The bill, which is sponsored by Senator Mary Lou Rath (R-Williamsville) and Assemblyman Sam Hoyt (D-Buffalo), would authorize the Governor to implement statewide "smart growth" policies designed to:
- Mitigate the growth of suburban sprawl.
- Preserve farmland and other green space.
- Encourage the use of existing infrastructure.
- Promote cooperative regional land-use planning.
The bill would also create a commission to advise the Governor on smart-growth policies.
Policies that mitigate urban sprawl at the expense of economic growth would be cheered only in other states "which, until recently, have eaten our economic lunch by providing better competitive opportunities," Walsh wrote.
He added that:
- Policies designed to restore cities should include incentives, liability waivers, and "intended-use" cleanup standards for remediation of brownfield sites. Current cleanup standards and liability risks make brownfields unattractive for redevelopment.
- Creative regional land-use policies and planning strategies, such as "Vision 2000" in Erie County, should be promoted by the state to other regions.
- New York's antiquated building code must be modernized to encourage the rebuilding of neighborhoods, cities, and older suburbs by increasing flexibility in renovations.
- State incentives to equalize infrastructure costs should be put in place. Now, it is typically less costly to build new infrastructure in greenfield projects than to renovate existing infrastructure.
Top-down land-use planning would turn New York's rich home-rule history upside down, Walsh wrote.

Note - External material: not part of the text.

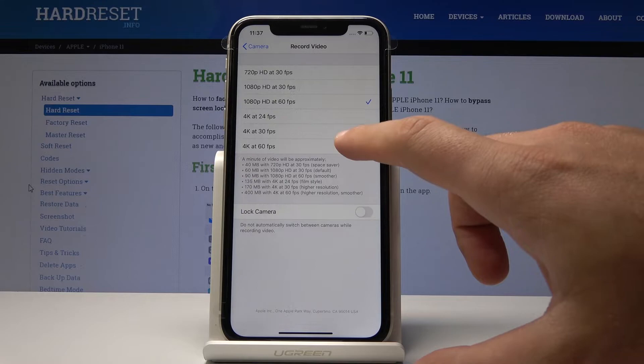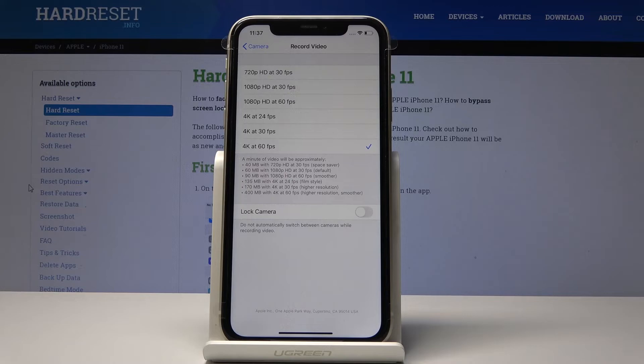And that's it — this is the best settings, the best resolution possible. Now you can go back and just record videos on your device.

The framework in this bill could make such state planning possible, he added, noting that advocates at a recent smart-growth conference urged New York to adopt statewide land-use planning requirements modeled on the Adirondack Park Agency.
"Nothing would bring economic development in New York to a screeching halt faster than implementing a similar land-use regulatory regime on a statewide basis," Walsh warned.